ML Insights is a python library for data scientists, ML engineers and developers. Insights can be used to ingest data in different formats, apply row based transformations and monitor data and ML Models from validation to production.
ML Insights library also provides many ways to process and evaluate data and ML models. The options include low code alternative for customisation, a pre-built application and and further extensibility through custom applications and custom components.
ML Insights can be installed in a python 3.8 environment using:
pip install oracle-ml-insights
Several ML Insights dependencies are optional (for eg: Execution Engine) and can be installed with:
pip install oracle-ml-insights[option]
where "option" can be one of:
- "dask", to run ML Insights on Dask Execution Engine
ML Insights helps evaluate and monitor data and ML model for entirety of ML Observability lifecycle.

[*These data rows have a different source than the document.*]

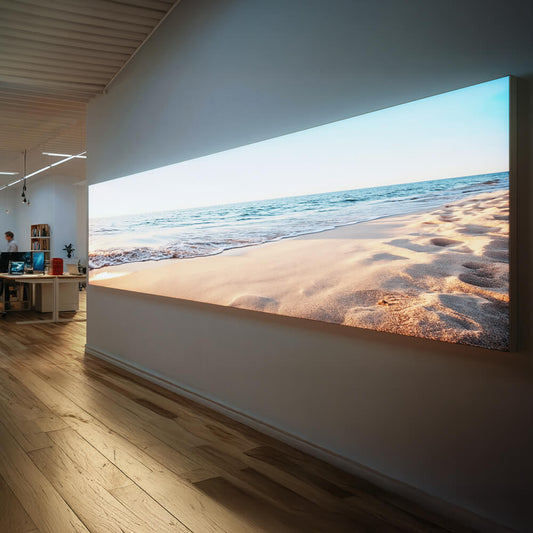 LED-Lichtwand im 55 mm Profil - Flächenlicht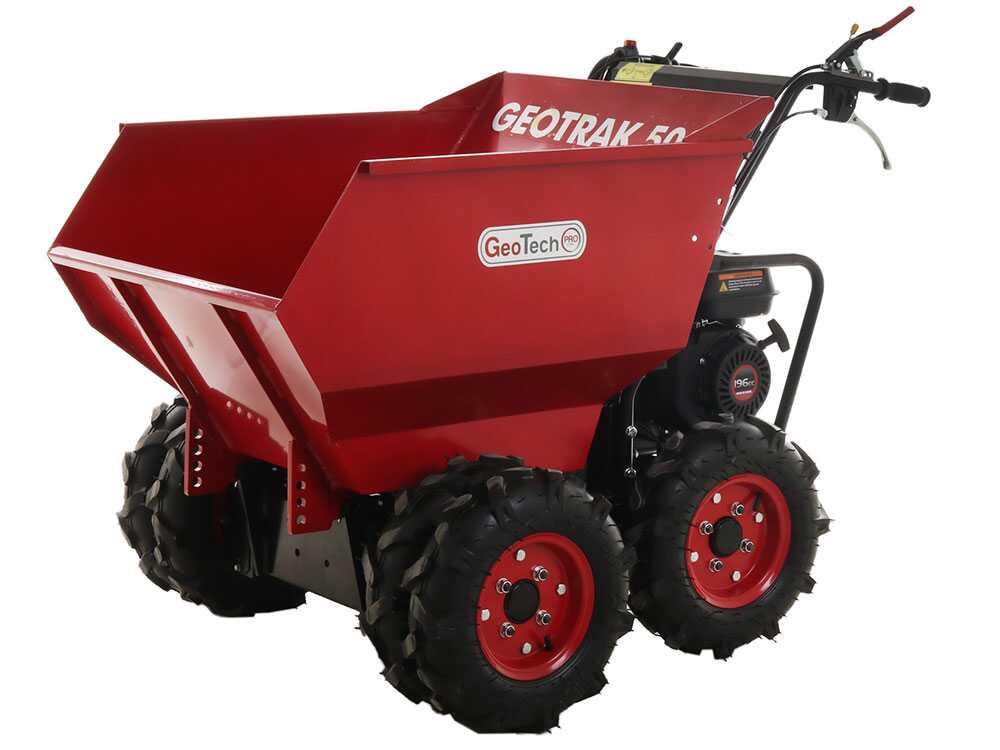 Brouette à moteur GeoTechPro GEOTRAK 500 - benne dumper 500 kg - 6 roues motrices – Image 2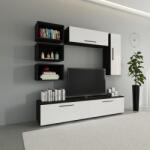 haaus Living Kos V14, Negru/Alb Lucios, MDF, L 190 cm (921866)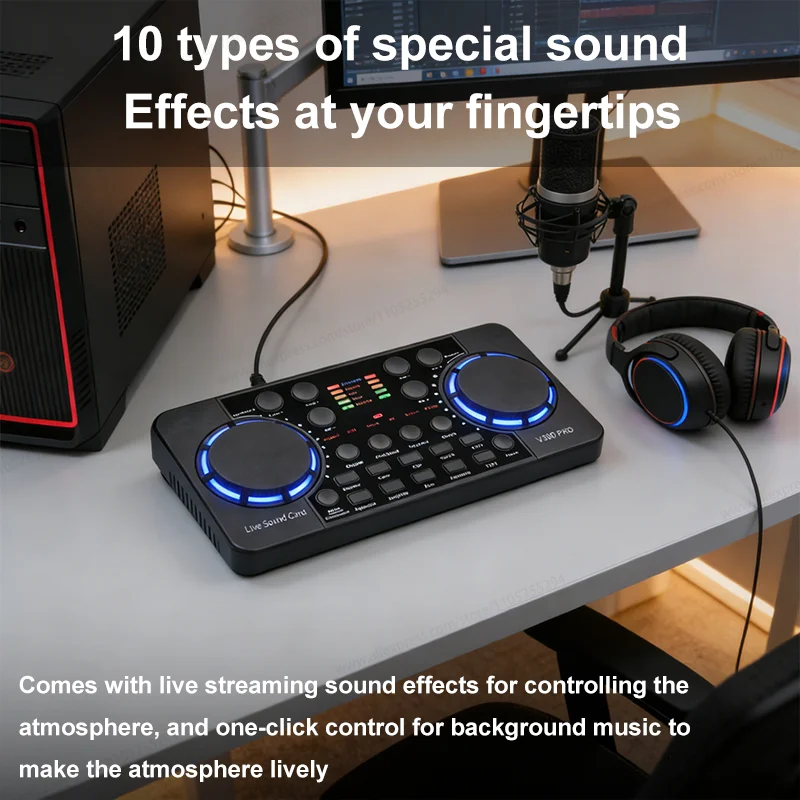 v300pro-live-streaming-sound-card-kit-for-mobile-and-pc-suitable-for-influencers-with-bluetooth-and-reverb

Insights is component based where each component has a specific responsibility with a workflow managing the individual components.
Insights provides components to carry out tasks like data ingestion, row level data transformation, metric calculation and post processing of metric output. More details on these are covered in the Getting Started section.
In very simple terms, one has to provide location to the input data set that needs to be processed, select any additional simple transformation needed on the input data (for example, converting an un-structured column to structured one), and decide which metrics should be calculated for different features (columns of data). The user can also decide to define some post-action to be performed once all the metrics have been calculated.
Insights provides a simple, declarative API, out of box components covering majority of common use cases to choose from. Also, Insights enables users to author json-based configurations that can be used to define and customise all of its core features.
-
Insights currently supports CSV, JSON, and JSONL data types.
-
It also supports major execution engines like Native Pandas, Dask, and Spark.
-
Insights provides metrics in different groups like
- Data Integrity
- Data Quality/ Summary
- Feature and Prediction Drift Detection
- Model Performance for both classification and Regression Models
-
Insights also supports integration for writing metric data, or connecting to OCI monitoring service.
The files sum_divide_by_k_custom_metrics.py and sum_divide_by_two_custom_metrics.py are examples of how to implement custom metrics and usage is demonstrated in sample notebook ML Insights run with Custom Metrics.